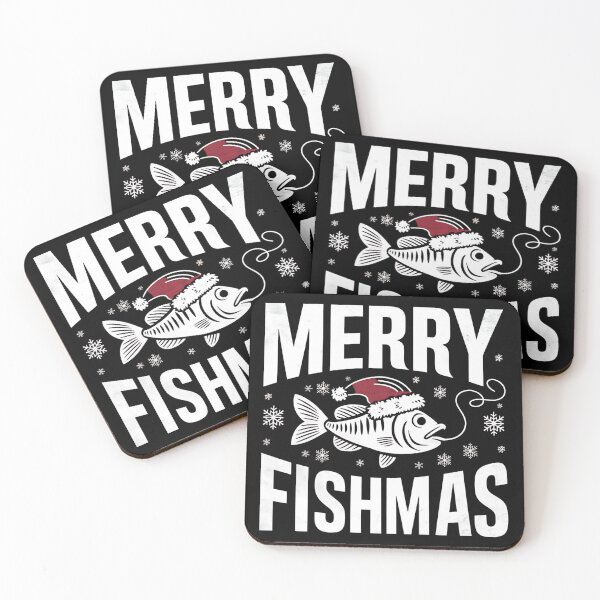 Item preview, Merry Fishmas - Funny Christmas Fishing designed and sold by Haji  Kamora.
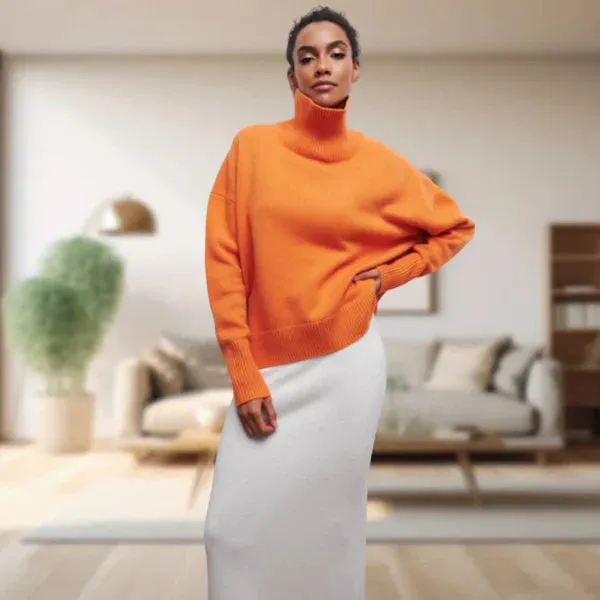 Classic turtleneck sweater for women - anne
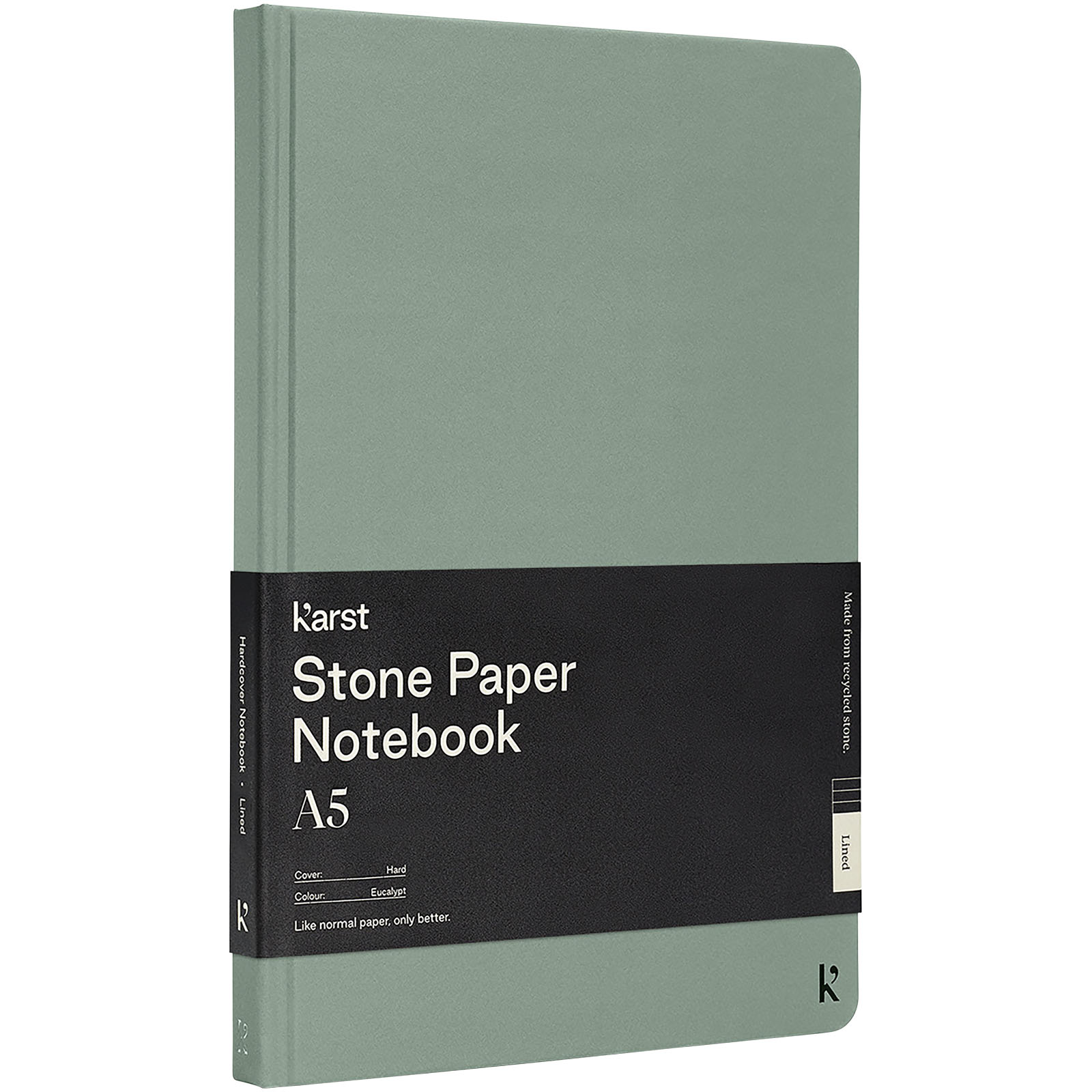 Karst® A5 stone paper hardcover notebook – lined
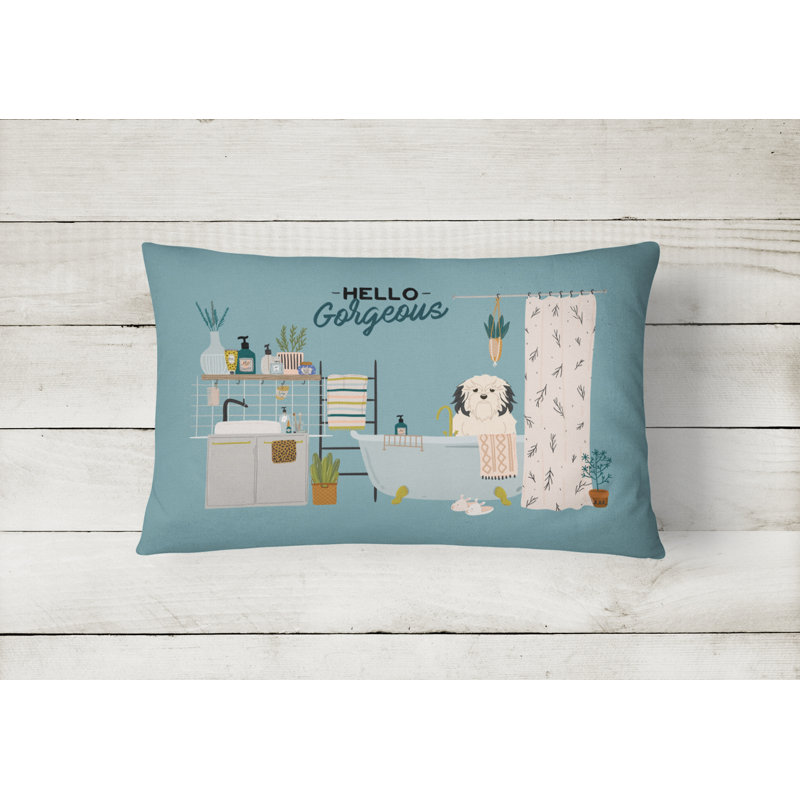  Housse et insert de coussin d'extérieur pour l'extérieur, Petit chien lion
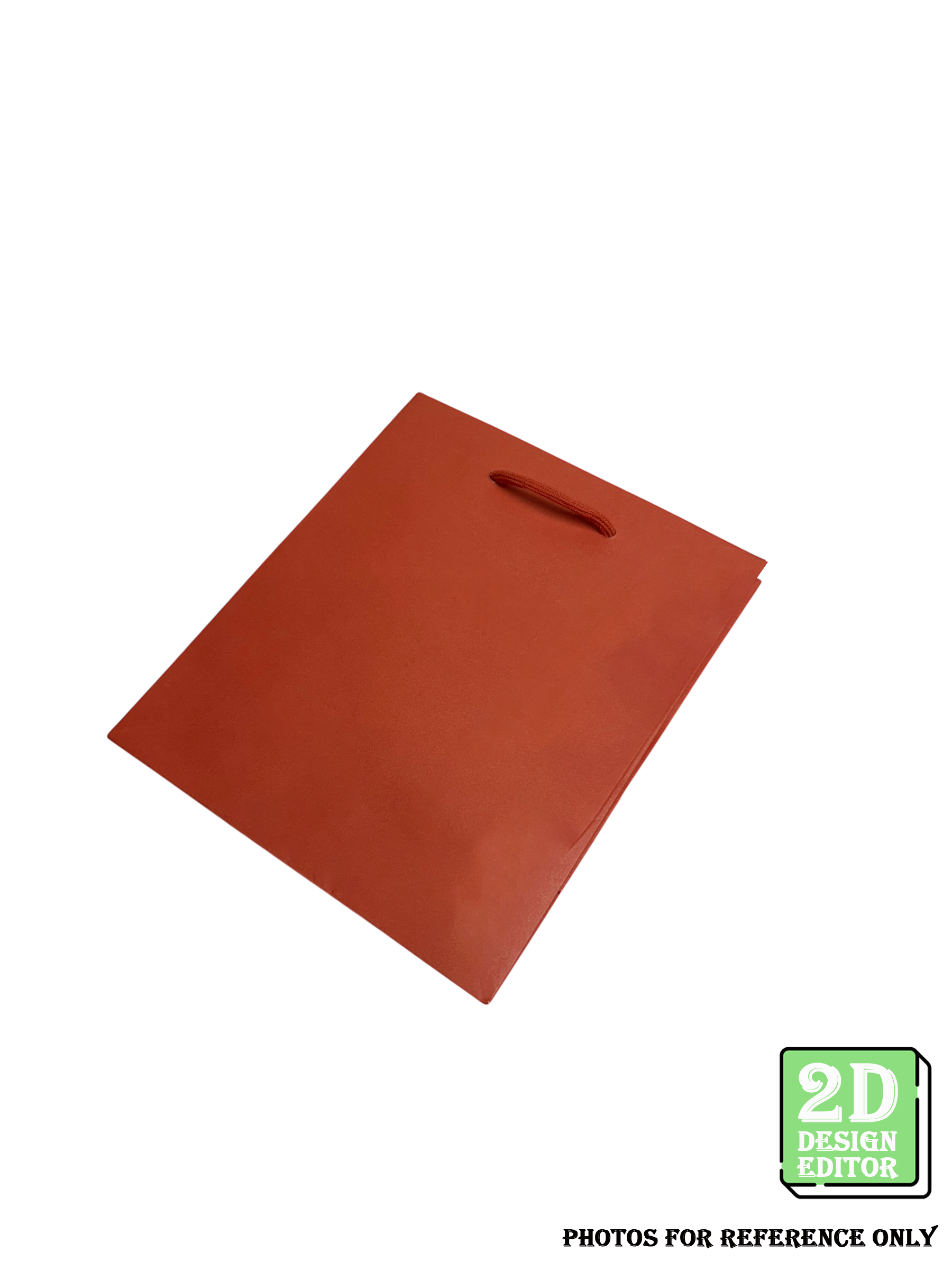 [2D Design Editor] Cotton Cord Paper Bag 180 x 90 x 210(H) mm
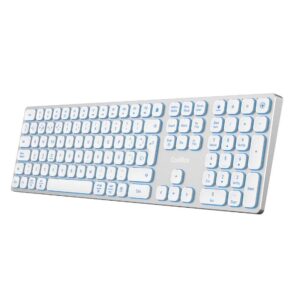 Coolbox Teclado Inal.Retroil. MOONLIGHT B431 Blanc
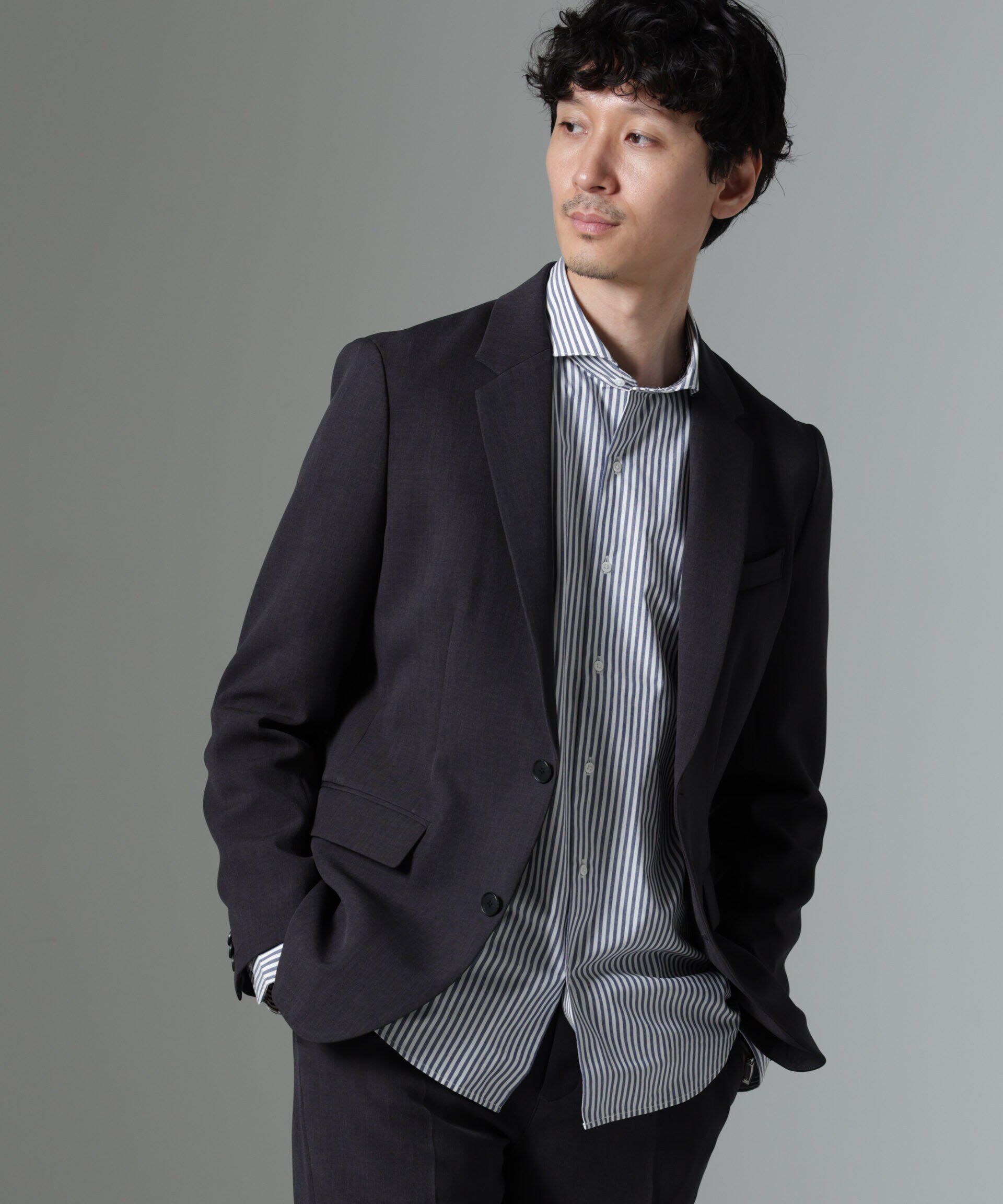 nano･universe「｢Damerino｣Reflax(R) ダブルクロスウェザーセットアップ」|スーツ|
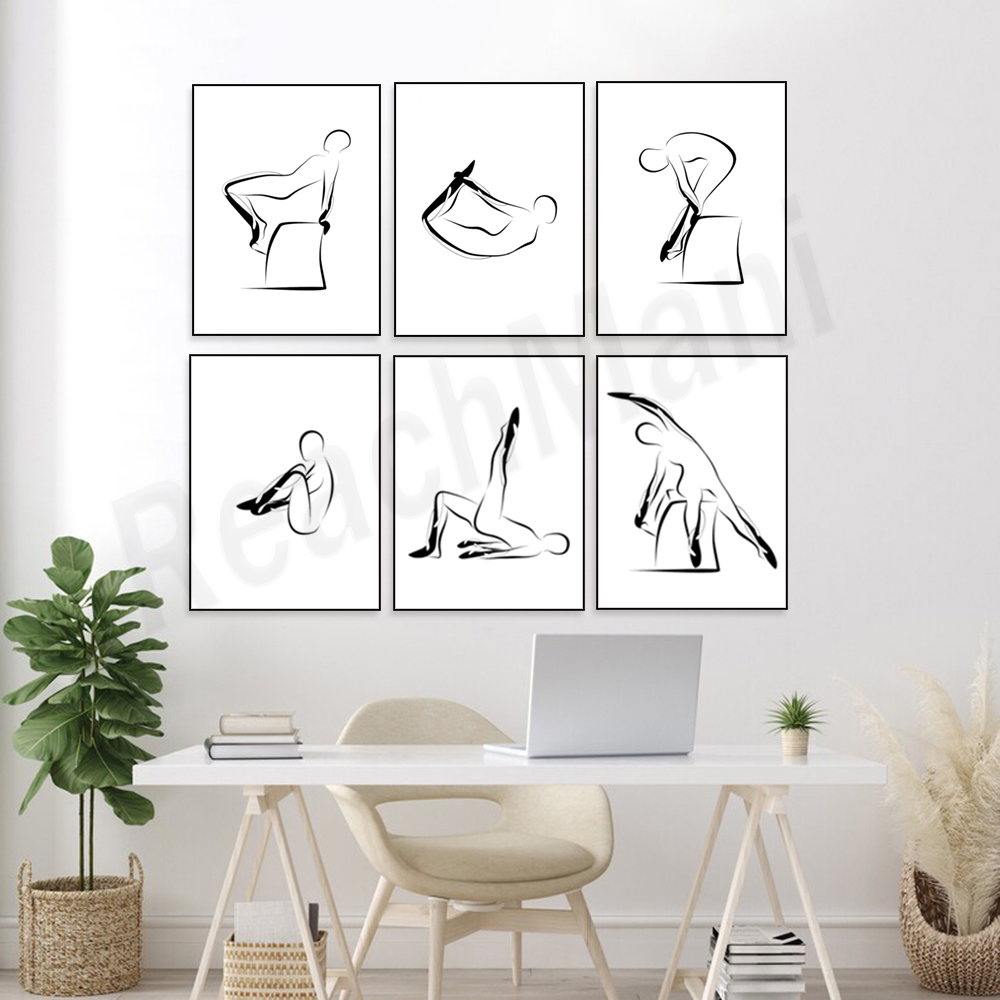 Pilates posters, Pilates push- - Pilates Yoga Room 리뷰 및 가격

========================

**WORK ITEM**
Output every record exactly, minus the pictures.

**OUTPUT**
 Item preview, Merry Fishmas - Funny Christmas Fishing designed and sold by Haji  Kamora.
 Classic turtleneck sweater for women - anne
 Karst® A5 stone paper hardcover notebook – lined
  Housse et insert de coussin d'extérieur pour l'extérieur, Petit chien lion
 [2D Design Editor] Cotton Cord Paper Bag 180 x 90 x 210(H) mm
 Coolbox Teclado Inal.Retroil. MOONLIGHT B431 Blanc
 nano･universe「｢Damerino｣Reflax(R) ダブルクロスウェザーセットアップ」|スーツ|
 Pilates posters, Pilates push- - Pilates Yoga Room 리뷰 및 가격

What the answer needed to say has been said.